Escrevo sobre o tema bem informado pois cozinho na televisão desde 1994, ou melhor cozinhava. Atualmente, dedico-me a escrever um livro para a cozinha e também a fornecer conteúdo de culinária para a Internet.

Foram mais de 1000 receitas preparadas nos estúdios de televisão. Algumas vezes, os programas eram gravados, outras, ao vivo. Mas o fato é que obrigatoriamente a receita deveria ser preparada em 30 minutos, pois os altos custos de estúdio e de equipe obrigavam-me a uma verdadeira maratona culinária - chegando a gravar 10 receitas em um só dia. Minha equipe era composta de uma estagiária de comunicação, minha mulher, minha irmã e eu. Nós decidíamos a receita, a música, o acabamento e produção em geral. Além, de fazermos pesquisas, responder emails, cartas, etc...

Outros gêneros de programa, com menos audiência no Ibope tinham equipes hollywodianas, com vários produtores, pesquisadores, repórteres, tomadas externas, helicópteros e efeitos visuais. Tudo bem. Eu não me importava. Era tudo muito agradável porque de certa maneira eu me sentia útil, levando a comunidade um pouco de cultura geral. Sempre preparei minhas receitas com cuidado. Pesquisava a origem, a história dos ingredientes e o posicionamento da iguaria e tendo o cuidado não passar para o telespectador uma informação falsa ou enganosa.

Imaginei, que com meus programas de receitas, pudesse melhorar um pouquinho nosso país. Mostrar que através da culinária poderíamos voar mais alto. Afinal de contas, um povo que se alimenta corretamente é mais produtivo, conseqüentemente mais feliz e menos violento. Preparar o alimento e servi-lo é uma forma de dividir, de conviver em grupo, algo que para nossos ancestrais era da maior importância e que nós, em nossa pretensiosa evolução, estamos nos esquecendo de valorizar.

Quando comecei na televisão, Ofélia era a representante oficial da culinária do dia-a-dia, da família. Ensinava receitas de fácil execução e de custos razoáveis. Eu preparava receitas um pouco mais elaboradas, para ocasiões especiais. Hoje em dia, os programas culinários de televisão parecem sem objetivo. Todo mundo virou cozinheiro e intelectual gourmet. São receitas e mais receitas preparadas para preencher a grade das emissoras.

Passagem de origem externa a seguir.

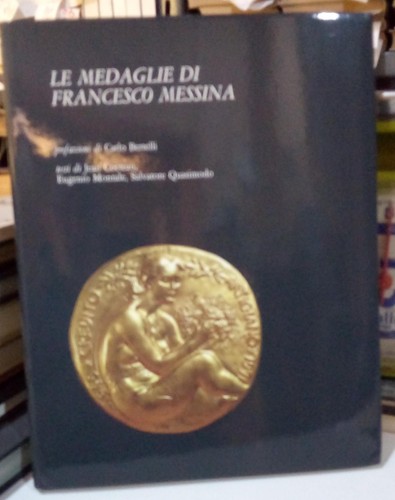 Medaglie francesco - di,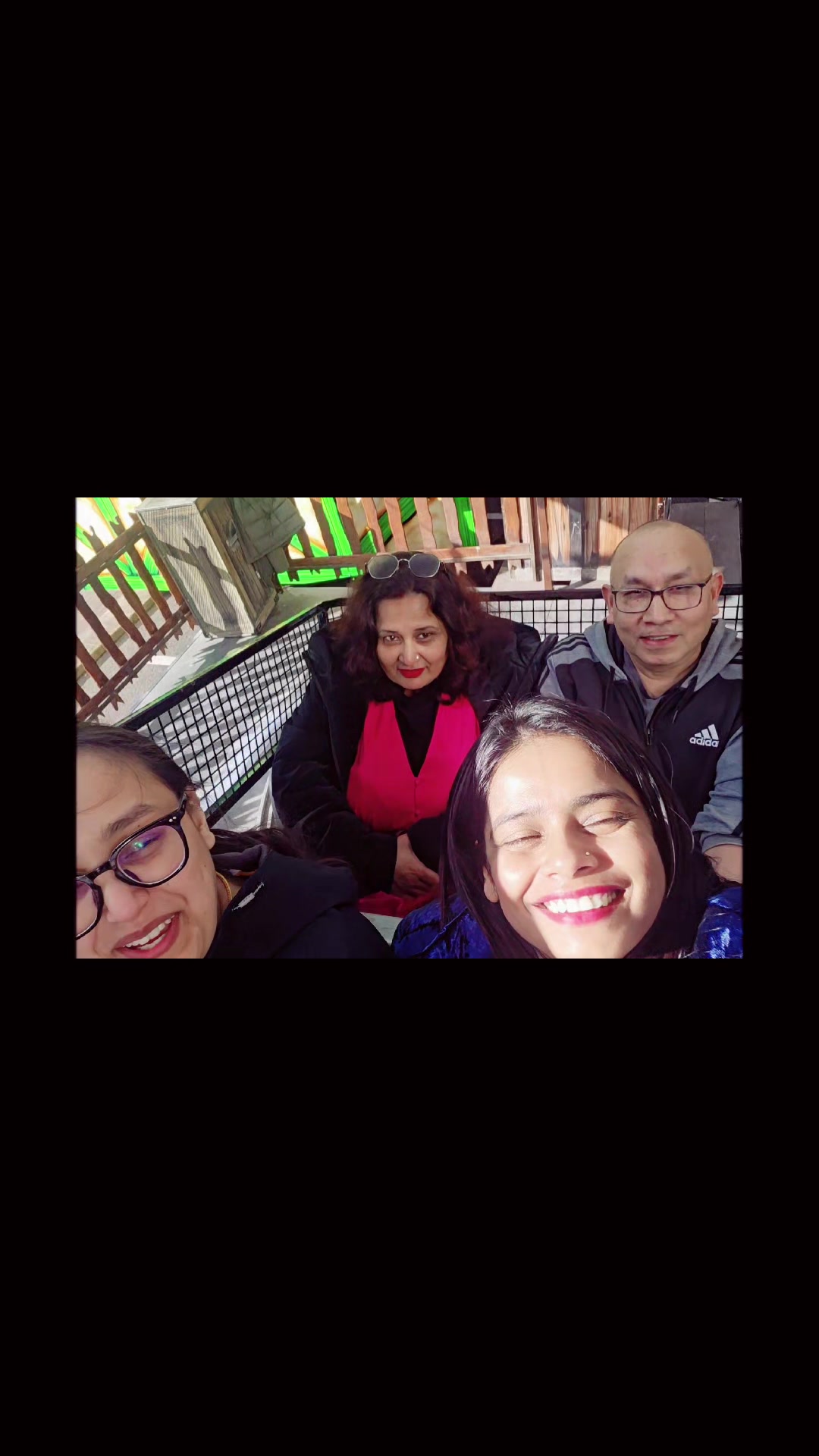 @Rupa Kiran Dhungana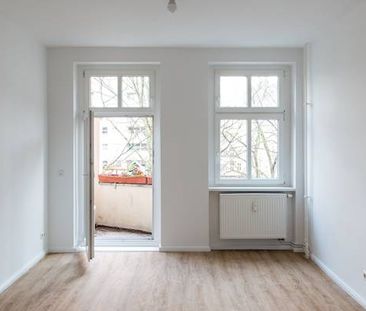 Kiautschoustraße 4 - Photo 2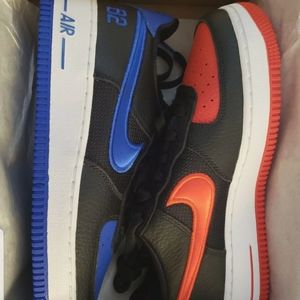 Nike Air Force 1 LV81 Size 6Y (Big Kids) New w box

Cozinha-se de tudo, sem nem mesmo se avaliar as necessidades e reais possibilidades técnicas e financeiras do telespectador brasileiro.

Em um programa do Fantástico, certa vez foi colocada uma matéria sobre fubá, uma disputa entre paraibanos e mineiros para saber quem é o verdadeiro autor da receita de "angu", e os paulistas? foram esquecidos? Afinal de contas, eles já levavam na época das Entradas e Bandeiras sementes de milho e abóboras para prepararem a iguaria que seria servida aos carregadores. Depois, no mesmo programa, foi mostrada uma receita italiana preparada com o fubá. Lembro aos leitores que o milho foi para a Europa depois que Colombo descobriu a América, e que os italianos faziam angus "pulmentum" com outros grãos, portanto o programa deveria ter ensinado uma receita da América, e não uma receita italiana utilizando ingredientes de 200 dólares o kilo (Boletus Edulis, mais conhecido como funghi porcini), com o grande risco, pois a maioria da população desconhece que alguns cogumelos são venenosos, alguns inclusive muito parecidos com os Porcini italianos, e que crescem em nossos bosques e sertões.

Um dos motivos desta desordem culinária é o fato de que a culinária na televisão não é valorizada. Receitas servem para completar a grade das emissoras a custos baixos, e os programas não são produzidos por chefs de cozinha e nem por profissionais da área. Normalmente, são produzidos por estagiários de jornalismo pois os produtores de primeira linha acham que produzir culinária é "fim de carreira". Os executivos da televisão acham que fazer um programa de culinária é como fazer um programas de entrevistas comodamente em um sofá. Mas enganam-se. Fazer e produzir um programa de culinária é uma tarefa complexa, que requer muito trabalho; o apresentador (culinarista) tem que falar, cortar, picar, explicar a receita, estar atento ao timming do programa, estar atento à receita para não passar do ponto e assim por diante... Em um programa de entrevistas é só dizer ao convidado "obrigado pela entrevista". Na culinária não. A receita tem que dar certo.

Por essas e outras me desiludi com a televisão, gostaria de apresentar um novo programa, mas com uma nova proposta, em um novo horário, enfim, do jeito que tem que ser.